Yesterday, on the advice of my good friends David Smith and Helen Murphy, I picked up a small, yet perfectly preserved paperback Guidebook of Egypt from Reids of Liverpool Bookstore, entitled "The Latest Pocket Guidebook to Luxor & Environments, Including also Tutankhamun", for the princely sum of £8 [Apologies for the quality of the images, I didn't use a flash].
It was written by N. F. Mansfield-Meade, an English resident of Luxor, who describes the volume as "Historically Accurate, Beautifully Illustrated, Lucid & Interesting". This is the 1945 (5th) Edition, but the 1st Edition was written in 1926; four years after Howard Carter's discovery of the Tomb of Tutankhamun.
The book itself of course is a treat: there is a pull-out map of Karnak Temple, and images of sites dating to the 1920's which are archival records in themselves; the quiet image of the Giza Pyramids and Sphinx a stark contrast to the modern-day visitor experience of the Giza Plateau.
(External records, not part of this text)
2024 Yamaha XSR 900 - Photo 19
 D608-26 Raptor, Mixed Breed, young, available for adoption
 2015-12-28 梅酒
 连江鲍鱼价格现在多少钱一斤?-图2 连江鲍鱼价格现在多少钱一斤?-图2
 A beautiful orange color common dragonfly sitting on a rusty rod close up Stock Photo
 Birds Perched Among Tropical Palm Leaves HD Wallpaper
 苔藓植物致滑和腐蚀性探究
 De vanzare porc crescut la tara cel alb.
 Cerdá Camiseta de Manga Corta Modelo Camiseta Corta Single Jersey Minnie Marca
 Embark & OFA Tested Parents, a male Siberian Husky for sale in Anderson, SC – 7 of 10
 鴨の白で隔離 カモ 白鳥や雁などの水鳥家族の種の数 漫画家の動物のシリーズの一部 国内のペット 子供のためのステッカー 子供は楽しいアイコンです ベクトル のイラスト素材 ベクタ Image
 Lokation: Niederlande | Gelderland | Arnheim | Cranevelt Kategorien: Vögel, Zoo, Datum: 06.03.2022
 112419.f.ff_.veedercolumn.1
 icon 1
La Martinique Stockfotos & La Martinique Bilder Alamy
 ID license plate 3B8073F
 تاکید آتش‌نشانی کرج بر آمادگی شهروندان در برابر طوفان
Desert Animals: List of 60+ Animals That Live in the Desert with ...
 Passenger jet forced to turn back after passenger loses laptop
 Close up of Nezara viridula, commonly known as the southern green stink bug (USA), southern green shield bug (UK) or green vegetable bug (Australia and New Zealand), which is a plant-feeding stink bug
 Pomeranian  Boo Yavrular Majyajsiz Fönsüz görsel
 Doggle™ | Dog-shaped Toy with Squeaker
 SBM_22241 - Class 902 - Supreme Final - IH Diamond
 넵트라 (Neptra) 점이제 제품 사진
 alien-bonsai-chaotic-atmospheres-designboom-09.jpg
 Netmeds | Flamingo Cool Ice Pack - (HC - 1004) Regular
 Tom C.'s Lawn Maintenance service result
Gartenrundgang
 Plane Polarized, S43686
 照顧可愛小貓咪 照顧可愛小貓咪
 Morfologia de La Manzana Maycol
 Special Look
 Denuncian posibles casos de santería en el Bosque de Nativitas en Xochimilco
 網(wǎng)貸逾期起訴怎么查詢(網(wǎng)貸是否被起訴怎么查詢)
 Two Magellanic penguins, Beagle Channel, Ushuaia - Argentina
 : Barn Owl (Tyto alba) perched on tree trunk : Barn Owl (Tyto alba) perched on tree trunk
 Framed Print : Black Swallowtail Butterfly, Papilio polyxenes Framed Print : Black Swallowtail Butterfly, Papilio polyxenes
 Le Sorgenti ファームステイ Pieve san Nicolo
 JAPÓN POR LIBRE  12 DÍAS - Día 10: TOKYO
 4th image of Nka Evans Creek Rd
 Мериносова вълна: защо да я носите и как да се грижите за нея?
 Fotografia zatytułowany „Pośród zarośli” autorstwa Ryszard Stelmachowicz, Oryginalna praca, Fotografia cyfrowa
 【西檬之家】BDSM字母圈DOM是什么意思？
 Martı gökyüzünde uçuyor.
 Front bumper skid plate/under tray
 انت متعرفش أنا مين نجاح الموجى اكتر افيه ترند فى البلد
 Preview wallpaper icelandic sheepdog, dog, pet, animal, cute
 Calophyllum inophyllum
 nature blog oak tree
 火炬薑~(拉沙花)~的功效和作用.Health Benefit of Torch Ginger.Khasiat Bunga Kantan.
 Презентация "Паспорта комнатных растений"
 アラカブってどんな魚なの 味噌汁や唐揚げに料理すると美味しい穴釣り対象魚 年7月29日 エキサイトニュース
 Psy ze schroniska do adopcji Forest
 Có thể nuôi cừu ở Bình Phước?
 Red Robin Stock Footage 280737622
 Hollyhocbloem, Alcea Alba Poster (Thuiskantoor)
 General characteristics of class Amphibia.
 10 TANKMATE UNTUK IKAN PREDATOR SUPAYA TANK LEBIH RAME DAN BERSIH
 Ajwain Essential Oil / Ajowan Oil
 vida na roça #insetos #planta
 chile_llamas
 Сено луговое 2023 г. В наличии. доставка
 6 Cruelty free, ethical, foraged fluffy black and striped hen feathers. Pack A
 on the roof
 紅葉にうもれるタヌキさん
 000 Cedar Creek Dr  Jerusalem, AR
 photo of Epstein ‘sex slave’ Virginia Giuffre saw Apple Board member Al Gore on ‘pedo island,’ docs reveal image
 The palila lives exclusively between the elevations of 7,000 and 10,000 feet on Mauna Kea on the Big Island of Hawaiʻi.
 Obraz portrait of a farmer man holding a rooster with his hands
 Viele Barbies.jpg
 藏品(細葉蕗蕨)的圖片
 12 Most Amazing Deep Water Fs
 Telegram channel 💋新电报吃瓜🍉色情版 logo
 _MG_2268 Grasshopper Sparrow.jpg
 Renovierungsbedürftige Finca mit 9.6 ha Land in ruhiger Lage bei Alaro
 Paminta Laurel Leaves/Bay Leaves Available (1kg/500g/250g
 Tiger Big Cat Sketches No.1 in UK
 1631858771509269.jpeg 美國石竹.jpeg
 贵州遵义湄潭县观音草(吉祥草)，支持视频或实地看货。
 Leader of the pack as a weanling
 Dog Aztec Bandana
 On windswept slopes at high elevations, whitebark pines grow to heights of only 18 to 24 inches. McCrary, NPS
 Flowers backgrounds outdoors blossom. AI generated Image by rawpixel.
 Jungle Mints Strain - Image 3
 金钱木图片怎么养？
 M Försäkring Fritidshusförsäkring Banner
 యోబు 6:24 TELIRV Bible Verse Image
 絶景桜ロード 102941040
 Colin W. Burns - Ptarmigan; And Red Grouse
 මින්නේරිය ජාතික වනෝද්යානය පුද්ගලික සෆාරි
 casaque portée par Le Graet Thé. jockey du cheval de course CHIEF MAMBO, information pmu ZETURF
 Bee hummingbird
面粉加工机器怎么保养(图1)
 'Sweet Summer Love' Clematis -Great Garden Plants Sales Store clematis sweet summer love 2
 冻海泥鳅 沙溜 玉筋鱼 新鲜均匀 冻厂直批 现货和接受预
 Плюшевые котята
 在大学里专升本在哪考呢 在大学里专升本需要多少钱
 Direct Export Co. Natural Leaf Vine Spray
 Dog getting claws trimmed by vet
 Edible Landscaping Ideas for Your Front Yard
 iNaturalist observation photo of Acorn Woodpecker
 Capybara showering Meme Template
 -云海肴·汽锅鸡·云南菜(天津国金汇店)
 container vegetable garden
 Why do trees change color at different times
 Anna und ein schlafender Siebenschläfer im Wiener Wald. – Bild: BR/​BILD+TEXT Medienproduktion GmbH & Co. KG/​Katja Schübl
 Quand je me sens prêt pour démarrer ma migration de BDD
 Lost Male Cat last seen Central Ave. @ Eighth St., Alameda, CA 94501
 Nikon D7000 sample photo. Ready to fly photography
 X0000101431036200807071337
However, it is not just the book which interested me. This guidebook was evidently used by a certain British Serviceman in Egypt post-1945: a black-and-white photograph of a saluting patrol was tucked in the back, together with a leaflet for the YMCA Club and Hostel, Ismailia, "Open to all Services and Services Families". I'm not entirely sure who this book belonged to (though I will be pursuing this further), but nevertheless I'm delighted to be the new owner of this little piece of history.